Well, What Did You Expect?

Anne Applebaum’s ”A Cartoon Portrait of America” disappoints. She tells us “self-styled U.S. ‘conservatives’ blamed not cynical politicians and clerics but Newsweek for (accidentally) inciting violence in the Muslim world: ‘Newsweek lied, people died.’” She concludes her complaint against the right-wing blogosphere by telling us: “The moral is: We defend press freedom if it means Danish cartoonists’ right to caricature Muhammad; we don’t defend press freedom if it means the mainstream media’s right to investigate the U.S. government.” Well, right-wing blogs are right-wing; certainly we may be guilty of hyperbole & shuffling together in one group many individual opponents. And Applebaum (as repeatedly noted in right-wing blogdom) is one of the good guys – she knows in her gut the importance of proportions; the Gulag she studied was not Duranty’s Russia. Even here she criticizes what she sees as “Hypocrisy of the Cultural Left” as much as she criticizes the right. Her experience has defined her reactions, sure, but she is not a one-note speaker. And her openness is courageous: she engages with Captain Ed. Still her “moral” ignores Newsweek‘s implicit contract.

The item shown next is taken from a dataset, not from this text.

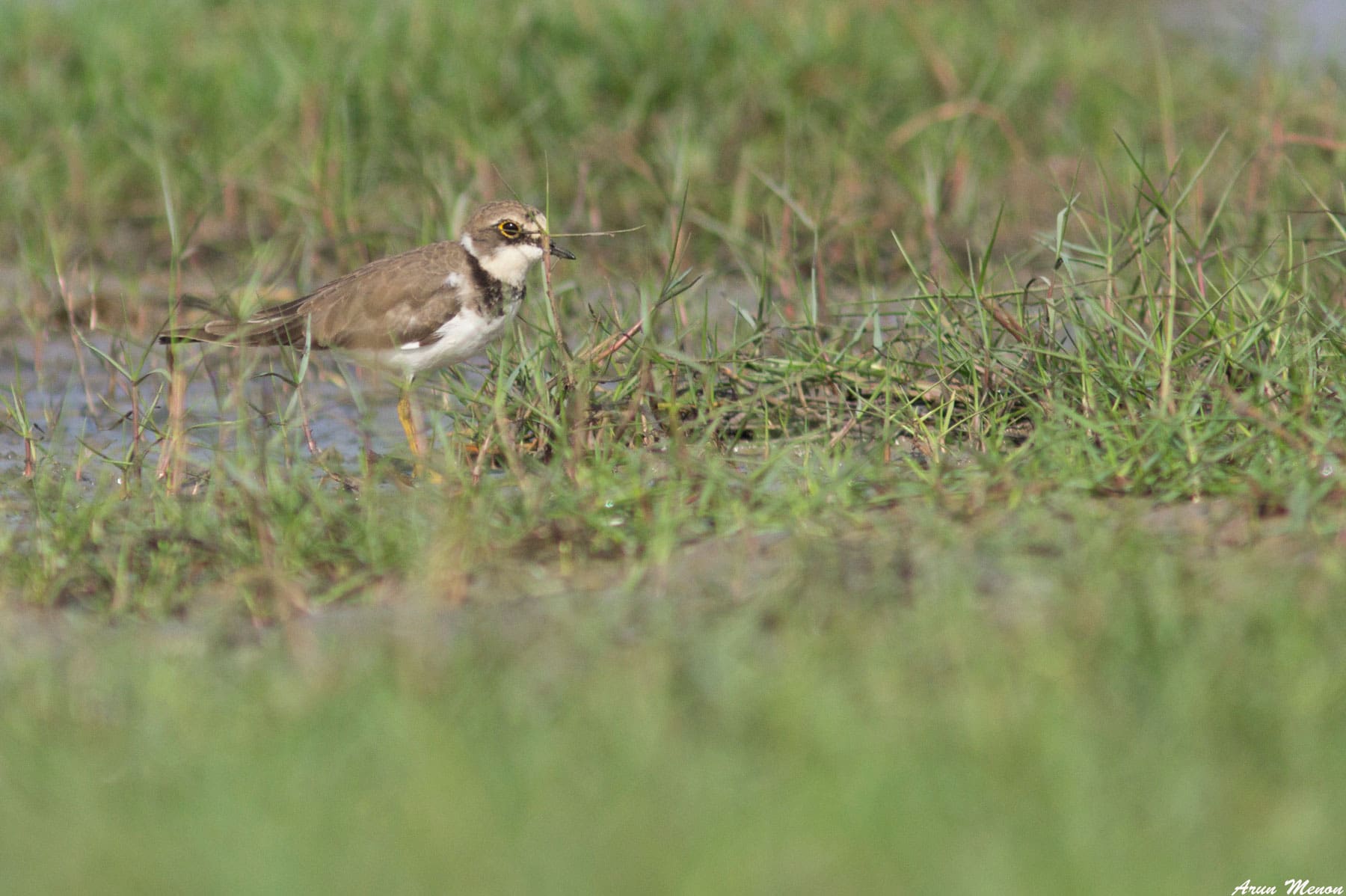 Little Ringed Plover at Mangalajodi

The blogosphere’s disappointment is with her confusion – and that is certainly what it seems to be – between an artist’s responsibility and that of a reporter, between a genre that honors objective truth and one that projects a subjective one. Nor does her exchange on Captain’s Quarters acknowledge this distinction. She alludes to her authority, but our respect heightens our disappointment. (See Austin Bay; Powerline.) Whether or not some people believe that Abu Ghraib should not have been reported is a red herring used too often to distract us any longer. Seeing criticism as censorship is a ploy that insults opponents & undermines dialogue.

Newsweek defines itself as an accurate source of news. Then it runs a dramatic charge with minimal (and not very credible) sourcing. That an intense investigation was begun is important; that it found Newsweek’s story not true is also important. Indeed, that it was the government & not the media that prized the truth enough to seek it out reinforces our sense that those abdicating their truth-telling responsibilities are less and less often the government and more and more often the media. To brand such observations as censorship is ingenuous at best.

The gap between expectation and fulfillment is likely to influence the audience’s sense of whether they’ve gotten a “good deal” or been snookered.